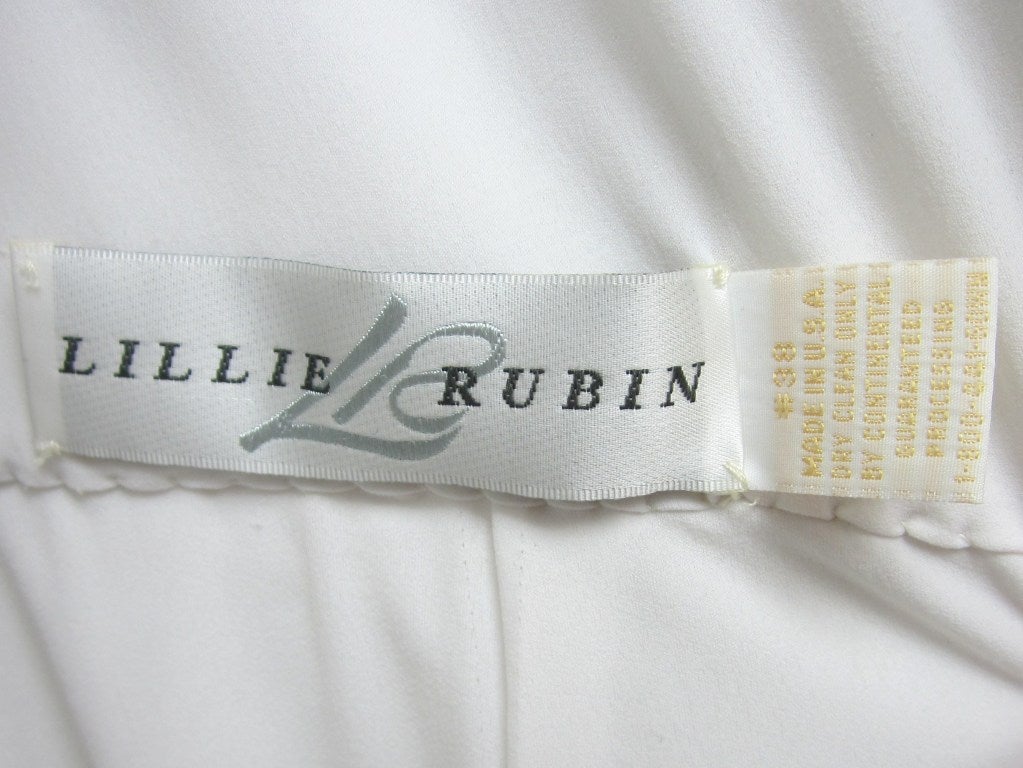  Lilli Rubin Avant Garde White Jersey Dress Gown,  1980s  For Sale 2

..............................

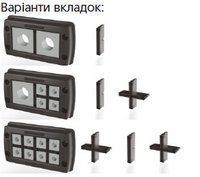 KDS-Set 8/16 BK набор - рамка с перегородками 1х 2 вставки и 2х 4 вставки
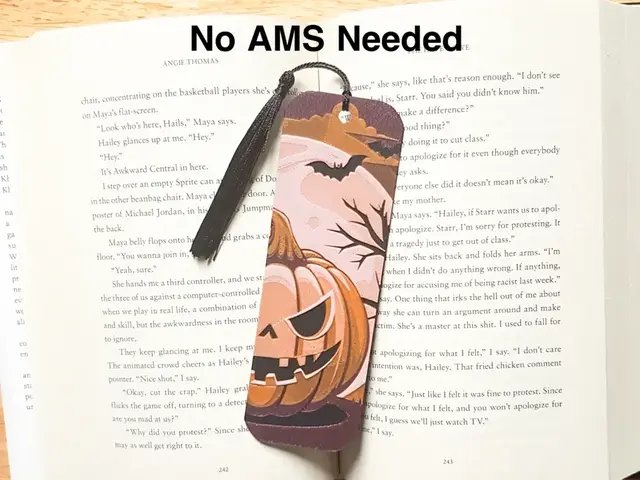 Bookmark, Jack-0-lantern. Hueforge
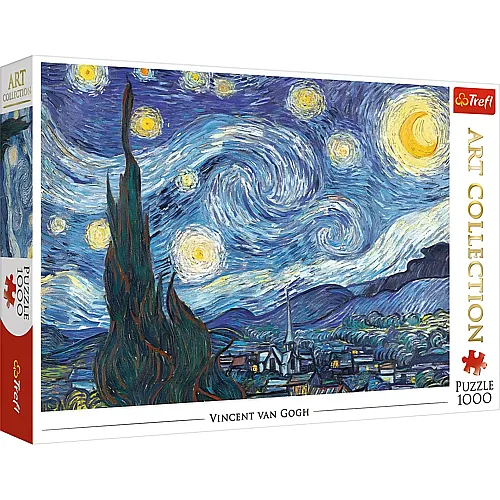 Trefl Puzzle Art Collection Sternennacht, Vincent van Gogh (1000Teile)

..............................

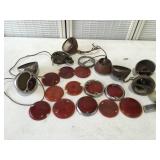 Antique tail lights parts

..............................

** Task goal **
Print, exactly, each line above from the one with "KDS-Set 8/16 BK" to the one with "Trefl Puzzle Art", end lines included. Leave pictures out of it.

** Written solution **
 KDS-Set 8/16 BK набор - рамка с перегородками 1х 2 вставки и 2х 4 вставки
 Bookmark, Jack-0-lantern. Hueforge
 Trefl Puzzle Art Collection Sternennacht, Vincent van Gogh (1000Teile)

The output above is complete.